PCR-based laboratory tests cannot differentiate infectious virus from non-hazardous RNA of the same virus but still remain an interesting way of confirmation of viral infection.4 While there is much bulk of studies investigating COVID-19 reinfection, known as subsequent infection after 4 weeks of previous infection clearance, and reactivation, known as subsequent infection within the next 4 weeks after previous infection clearance,5, 6 to the extent of our knowledge, there are few studies investigating prolonged COVID-19 viral shedding. Although it is believed that median viral shedding is 20 days,7 it is discussed that in patients with underlying disorders, the median duration of SARS-CoV-2 RNA shedding was 53 days, and the maximum was 83 days.3
Reviewing the literature, it seems some COVID-19 patients with concurrent lymphoma failed to remove the virus thoroughly, despite providing appropriate treatment regimens. Accordingly, in this study, we concluded that due to underlying immunological disorder, the immune system could never remove the virus thoroughly, despite proper antiviral prescription; hence, death was an inevitable outcome of multiple viral reactivations.

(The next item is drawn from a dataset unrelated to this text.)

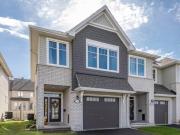 Cedar Creek Dr Ottawa ON K1T 0B3 3 Bedroom Apartment for...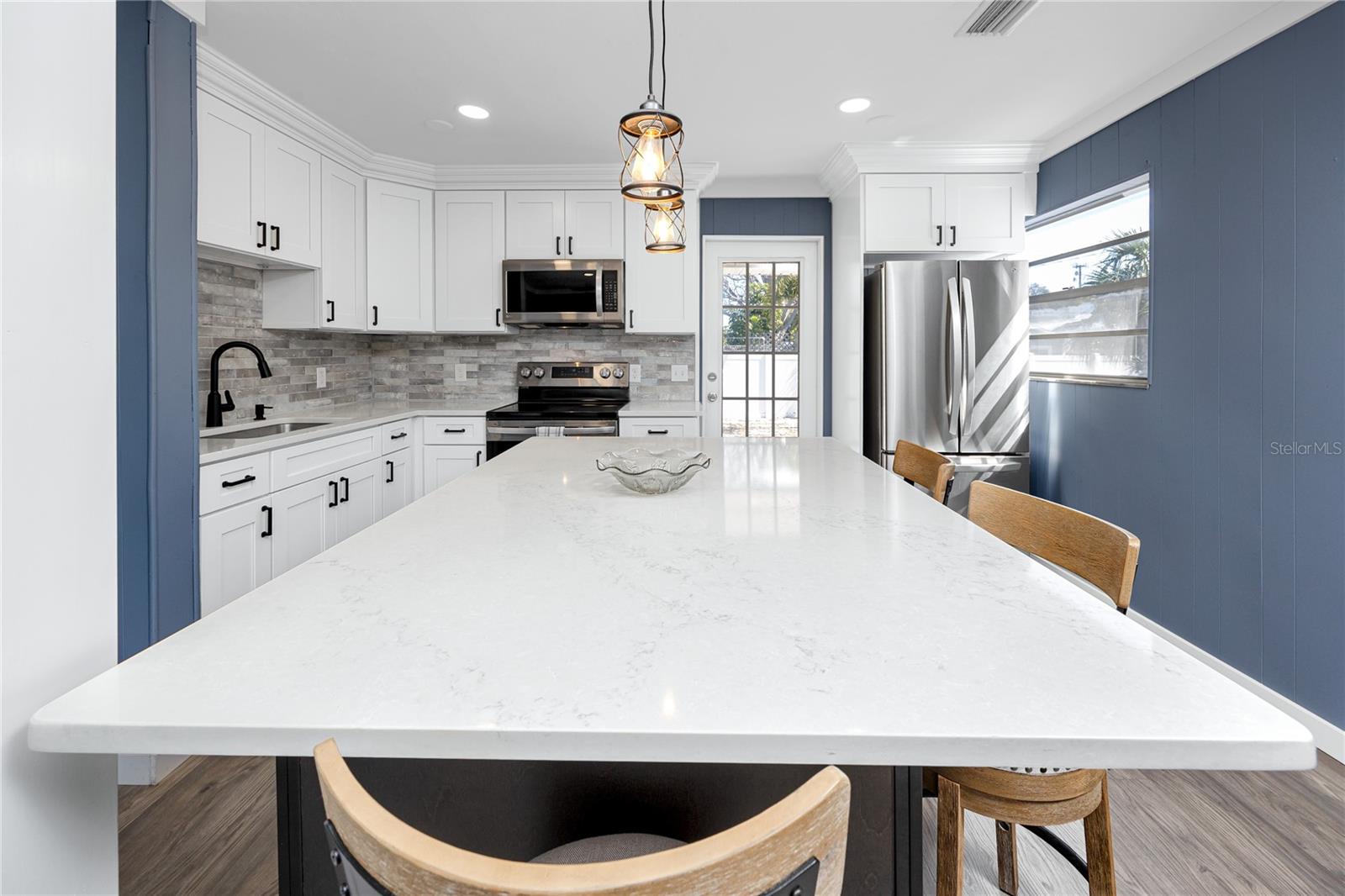 Image 7 of 51 For 731 72nd Street N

Moreover, based on the decreased cyclic threshold during clinical deterioration, it is believed that viral reactivation was the responsible agent for clinical exacerbation. Eventually, we believe that a disturbance in viral clearance, especially in immunological suppressed conditions such as lymphoma, inevitably leads to viral replication. Further studies are needed to investigate the association between the immunological signaling pathway disturbance and COVID-19 clinical manifestation.
AUTHOR CONTRIBUTIONS
Z.S was the head manager of the team. S.J helped in patient management and manuscript drafting. A.Kh contributed to manuscript drafting, reviewing, and submission. The authors declare that none of the authors listed in the manuscript are employed by a government agency and have no other function other than research and education. The authors are submitting this manuscript as an official representative.
ACKNOWLEDGMENT
We acknowledge all those who were involved in this study. This manuscript is already available as a pre-print at the following URL: https://www.researchsquare.com/article/rs-97733/v1
CONFLICT OF INTEREST
The authors declare that they have no conflicting interests.
ETHICAL APPROVAL
Written informed consent was obtained from the patient's next of kin to publish this report in accordance with the journal's patient consent policy. All ethical and moral issues have been considered in this study.
CONSENT
The consent form was obtained from the patient's first-degree relatives after his death.
Open Research
DATA AVAILABILITY STATEMENT
All essential data have been included in this manuscript.